Hello everyone,
I am currently having issues with running out of memory while trying to bootstrap. I was wondering if anyone could please look at my code and tell me how to better allocate memory or set up a loop to break up my data into something more manageable for this purpose? I’ve made an attempt at checkpointing and making smaller batch sizes for bootstrap runs, but haven’t had success. I’ve also attached screenshots of the memory available for the computer I will be doing this on.
Thanks for any help,
Nick
#bootstraps
#place all bootstrap files from RAxML in a folder called bootstraps and work in that with command line, not julia, to make boots.txt
ls /mnt/Symsym/nick/phylonetworks/spruceup.phylonetworks.1hybrid.no.outgroup/bootstraps/RAxML_bootstrap.Locus_* > boots.txt
cp boots.txt ../ #copy it into the working directory that julia is in
# now in julia do the following
#read bs trees:
bootTrees = readBootstrapTrees("boots.txt")

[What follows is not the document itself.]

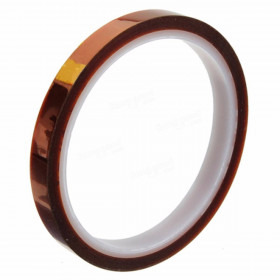 Fita Kapton de Alta Temperatura 10mm Rolo 33m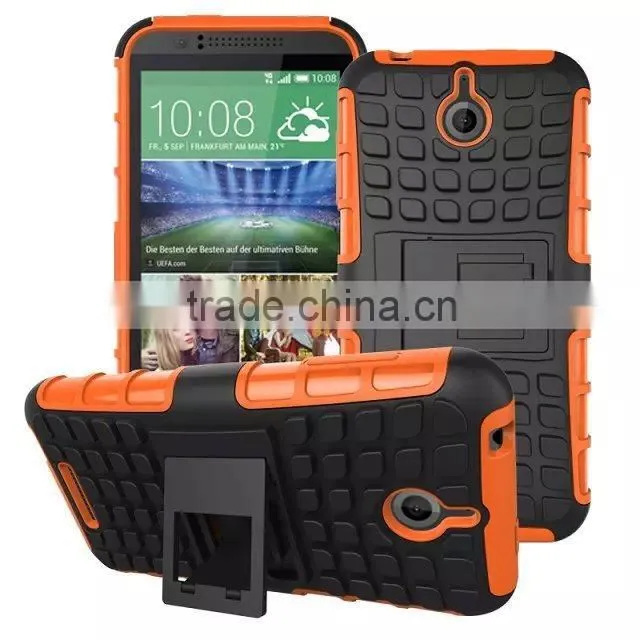 Spider combo case 2 in 1 hybrid phone case for HTC Desire 510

### Julia crashed mid bootstrapping so I need to reload net1
using PhyloNetworks
# Load the network from the output file
net1 = readTopology("net1.out")
# Verify the loaded network
println(net1)
# Continue with further steps such as bootstrapping or plotting
## # Add 4 processors to speed things up # I think on the google group I saw that bootstrapping only ever uses 1 processor anyways, so skip this.
## using Distributed
## addprocs(4) # Adjust the number of processors as needed
## @everywhere using PhyloNetworks
## bootnet = bootsnaq(net1, bootTrees, hmax=5, nrep=100, runs=10, filename="bootsnaq1_raxmlboot")
## bootnet = bootsnaq(net1, bootTrees, hmax=5, nrep=100, runs=10, filename="bootsnaq1_raxmlboot") # this should have worked but I ran out of memory.
########## the first runs using 4 and 1 processors got killed so I tried the follwing code to checkpoints progress and free up memory but I still ran out of memory..
# using Distributed # this & the next 2 lines add processors but I ran out of memory so I am skipping to have only 1 processor
# addprocs(4) # Adjust the number of processors to 4
# @everywhere using PhyloNetworks
using JLD2 # For saving and loading checkpoints
using Serialization # Alternative if you prefer binary serialization
# Define the number of bootstrap replicates per batch (checkpoint)
nrep_total = 100
batch_size = 1 # Save every 1 replicate
hmax = 5
runs = 10
filename = "bootsnaq1_raxmlboot"
# Define checkpoint file
checkpoint_file = "bootsnaq_checkpoint.jld2"
# Load previous checkpoint if it exists
if isfile(checkpoint_file)
@info "Loading previous checkpoint from $checkpoint_file"
bootnet, completed_reps = JLD2.load(checkpoint_file, "bootnet", "completed_reps")
else
@info "Starting fresh bootstrap estimation"
bootnet = HybridNetwork() # Initialize with your network or empty one
completed_reps = 0
end
# Run the remaining batches
while completed_reps < nrep_total
nrep_current = min(batch_size, nrep_total - completed_reps)
# Run bootsnaq for the current batch
bootnet = bootsnaq(net1, bootTrees, hmax=hmax, nrep=nrep_current, runs=runs, filename=filename)
# Update the number of completed replicates
completed_reps += nrep_current
# Save checkpoint
@info "Saving checkpoint after $completed_reps replicates"
JLD2.save(checkpoint_file, "bootnet" => bootnet, "completed_reps" => completed_reps)
# Clear the previous bootnet if not needed
bootnet = nothing # Release memory from the previous bootnet
# Trigger garbage collection
GC.gc() # Run garbage collection to free up memory
end
@info "Bootstrap estimation complete."